# [ACTIVITY]
Could you retype the entries below exactly, omitting every picture?

# [DATA SHOWN]
◆ ◆ ◆

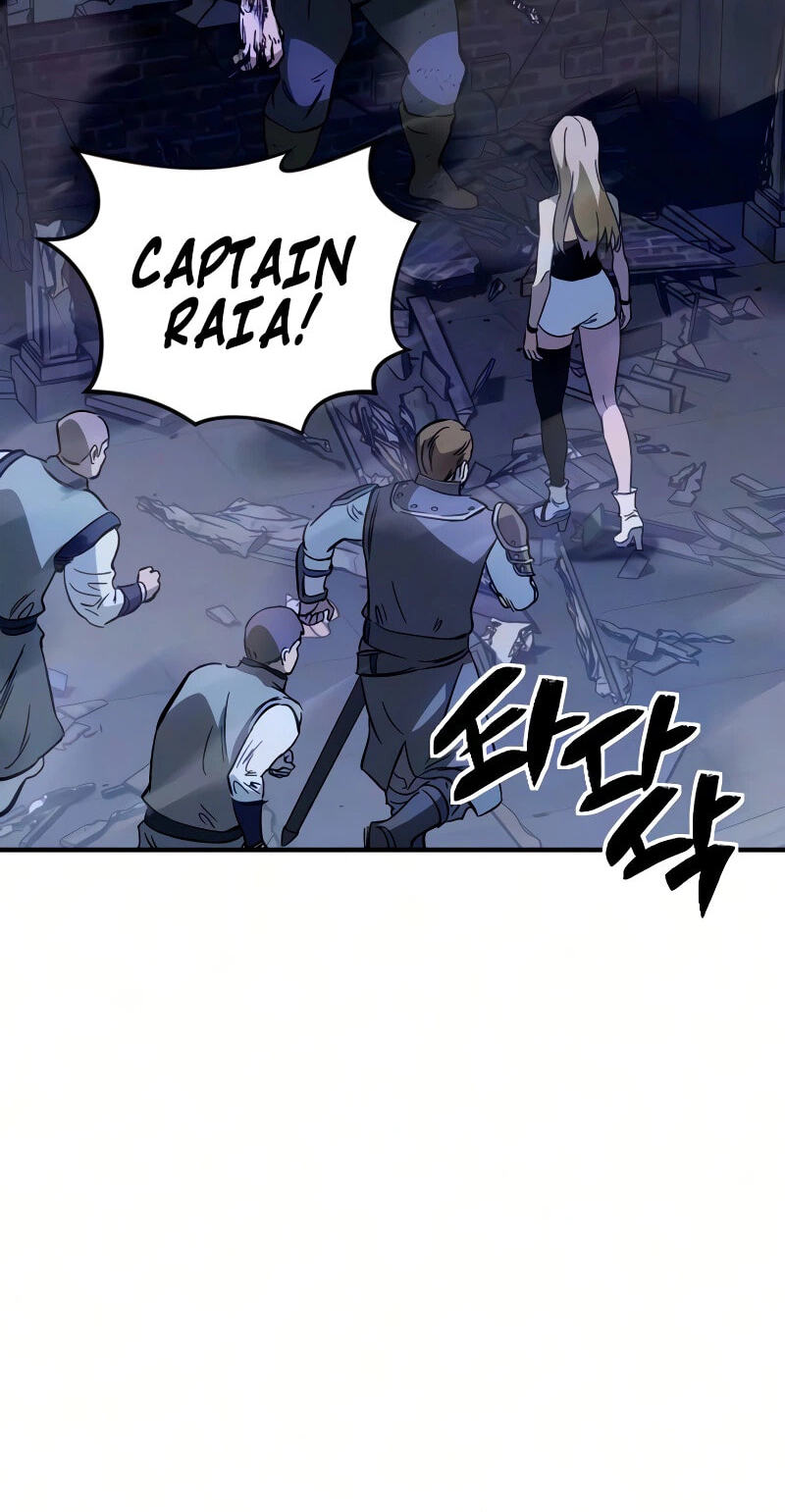 Necromancer of a Prestigious Swordsmanship Family Chapter 15 page 103 - 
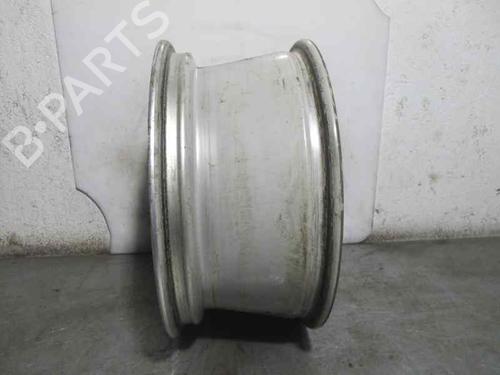 Rim AUDI A6 C5 (4B2) 2.8 | BP2692139C45 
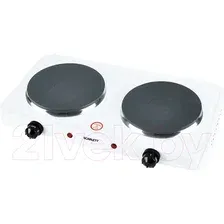 Настольная плита Scarlett SC-HP700S42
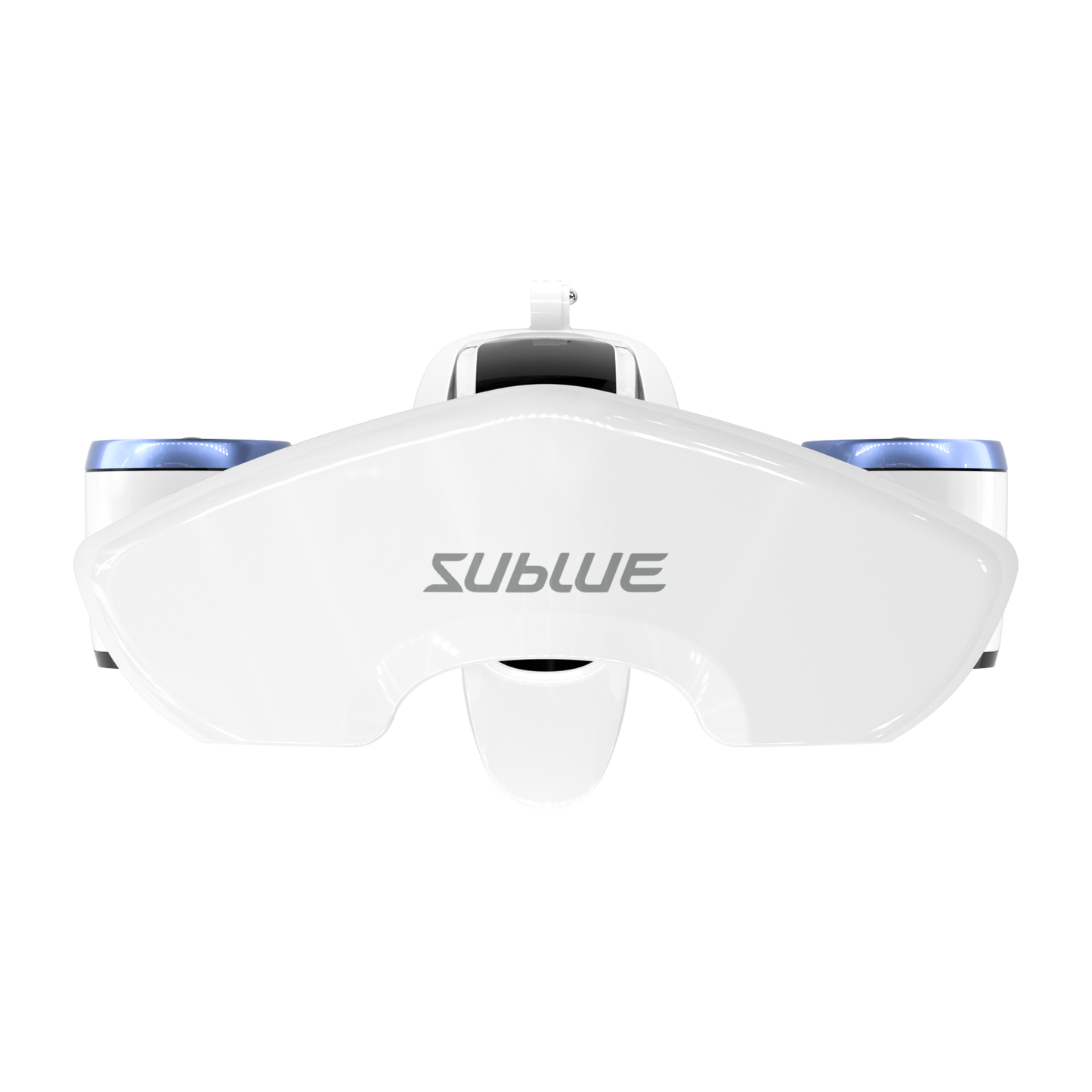 SUBLUE Mix 2026 Underwater Scooter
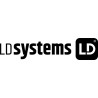 LD SYSTEMS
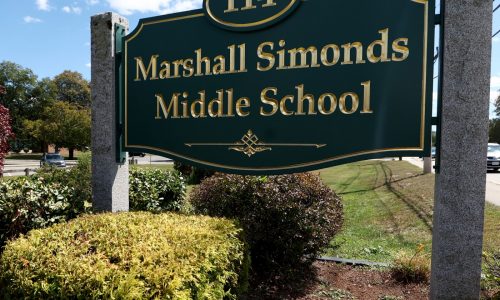 Battenfeld: Explicit sex survey outrages Burlington parent of 13-year-old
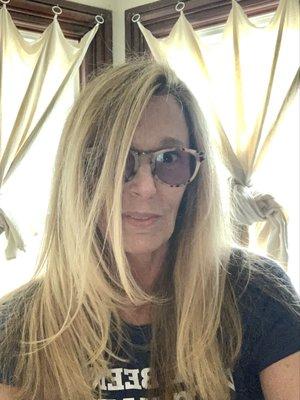 Photo of Sarah P.
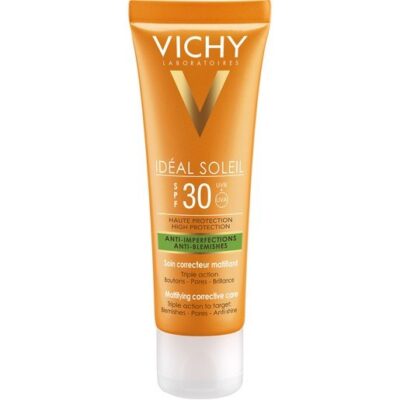 50ml
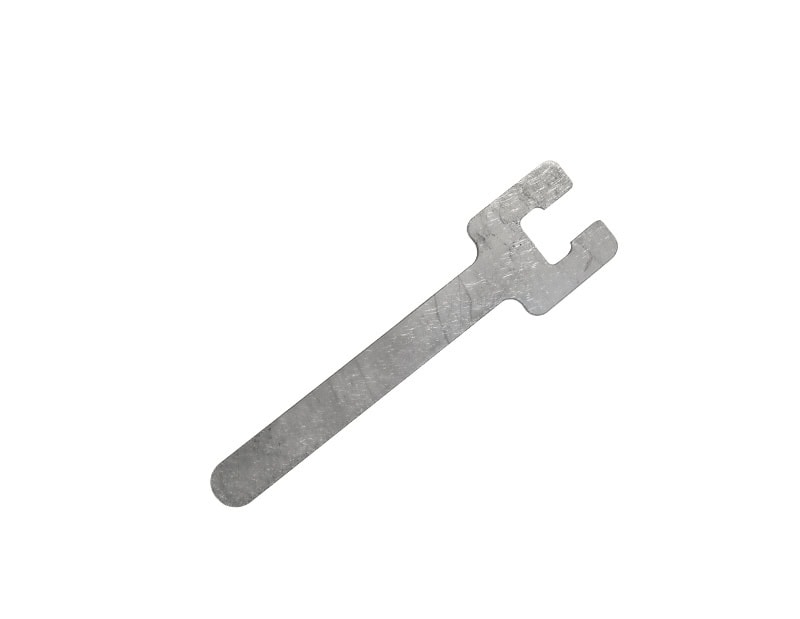 CLASSIC Polyfloat Key CLASSIC Polyfloat Key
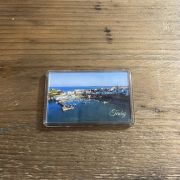 Tenby Magnets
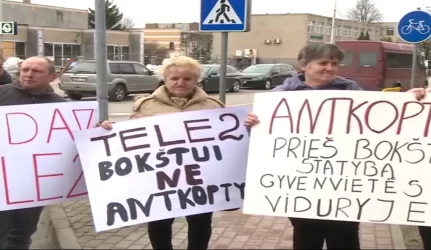 Tele2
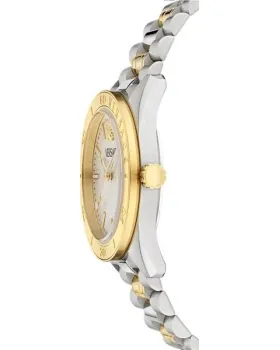 Versace V-Dome VE8E00424 - 
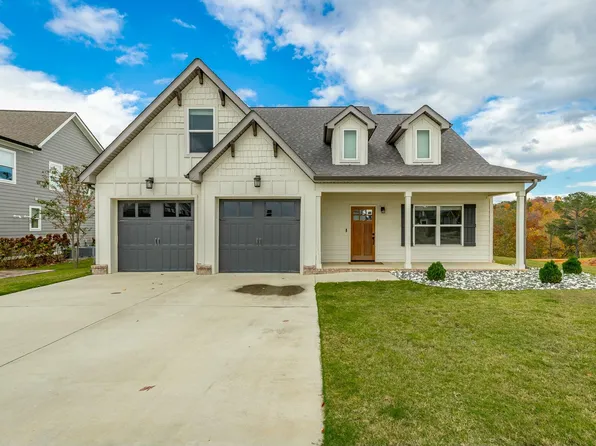 4285 Inlet Loop, Chattanooga, TN 37416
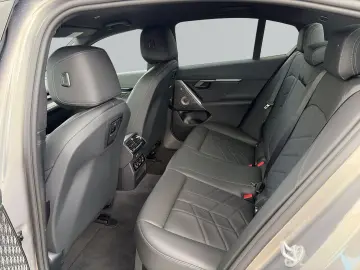 BMW 540d xDrive Limousine 678€ netto mtl. M Sportpak
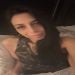 HelenC55 is Single in Altamonte Springs, Florida, 3
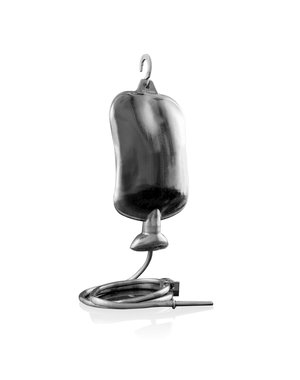 SI NOVELTIES RINSERVICE, THE BUTTLER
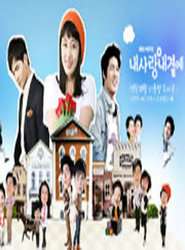 �ҵİ���������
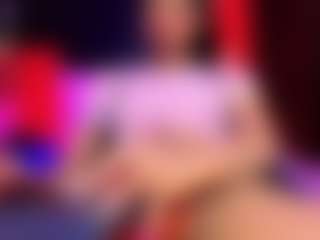 britany-montiel's Live Sex Cam Show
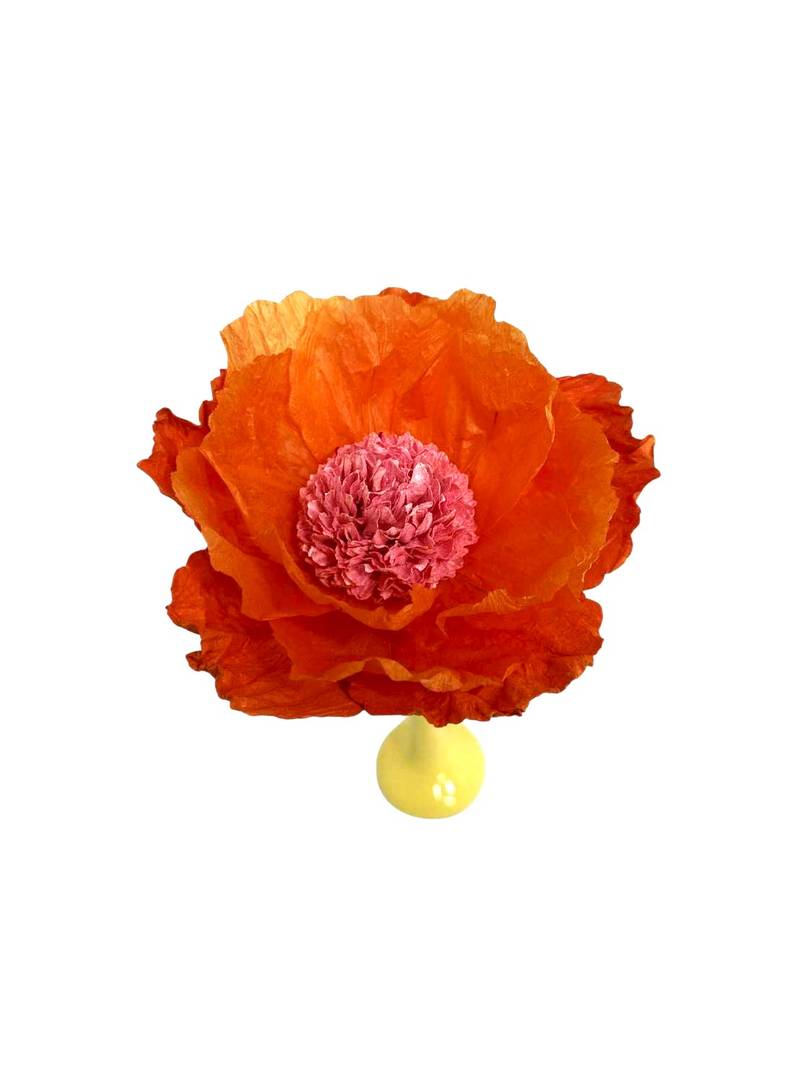 Helenium Bloom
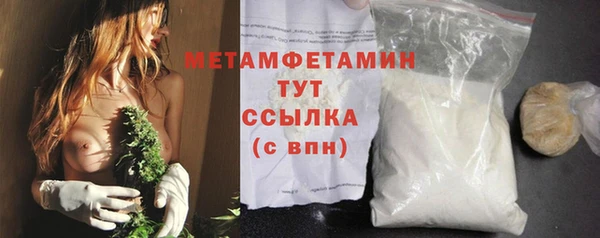 индика Балабаново
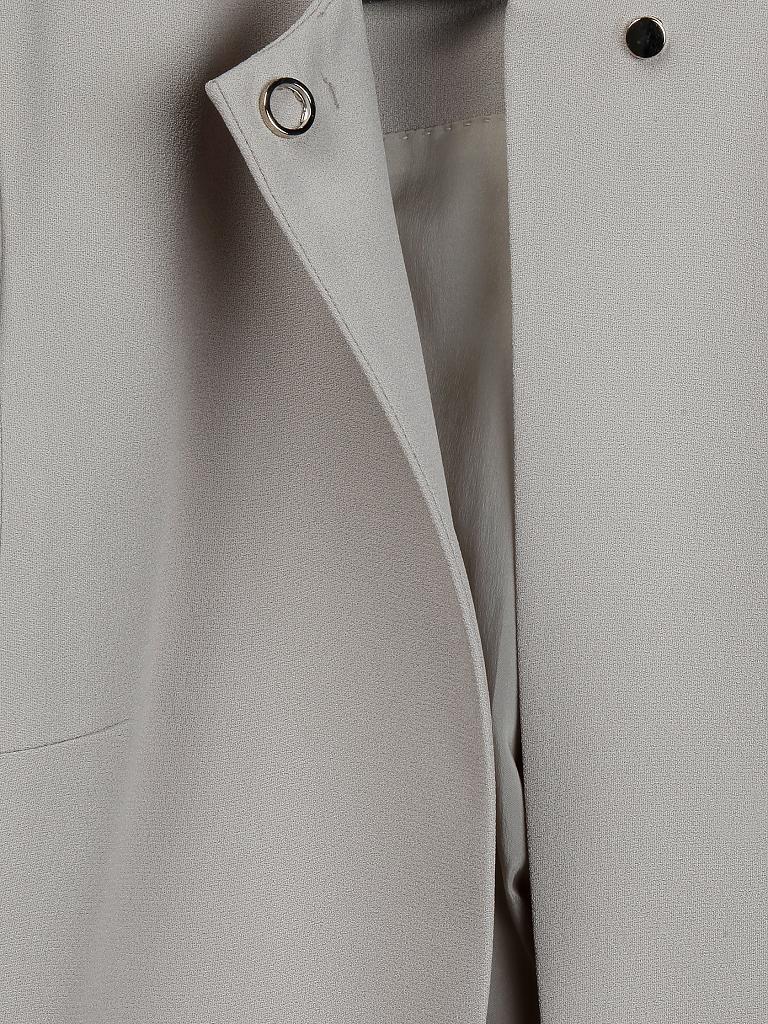 HUGO BOSS | Jacke "Jasela" | 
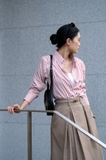 Helen Skirt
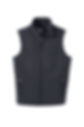 Thumbnail: J325 Port Authority Core Soft Shell Vest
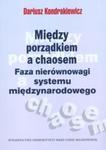 Między porządkiem a chaosem w sklepie internetowym Booknet.net.pl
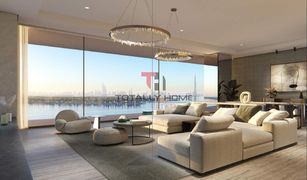 2 Bedrooms Apartment for sale in The Crescent, Dubai Six Senses Residences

◆ ◆ ◆

# [ANSWER TO THIS TASK]
 Necromancer of a Prestigious Swordsmanship Family Chapter 15 page 103 - 
 Rim AUDI A6 C5 (4B2) 2.8 | BP2692139C45 
 Настольная плита Scarlett SC-HP700S42
 SUBLUE Mix 2026 Underwater Scooter
 LD SYSTEMS
 Battenfeld: Explicit sex survey outrages Burlington parent of 13-year-old
 Photo of Sarah P.
 50ml
 CLASSIC Polyfloat Key CLASSIC Polyfloat Key
 Tenby Magnets
 Tele2
 Versace V-Dome VE8E00424 - 
 4285 Inlet Loop, Chattanooga, TN 37416
 BMW 540d xDrive Limousine 678€ netto mtl. M Sportpak
 HelenC55 is Single in Altamonte Springs, Florida, 3
 SI NOVELTIES RINSERVICE, THE BUTTLER
 �ҵİ���������
 britany-montiel's Live Sex Cam Show
 Helenium Bloom
 индика Балабаново
 HUGO BOSS | Jacke "Jasela" | 
 Helen Skirt
 Thumbnail: J325 Port Authority Core Soft Shell Vest
 Między porządkiem a chaosem w sklepie internetowym Booknet.net.pl
 2 Bedrooms Apartment for sale in The Crescent, Dubai Six Senses Residences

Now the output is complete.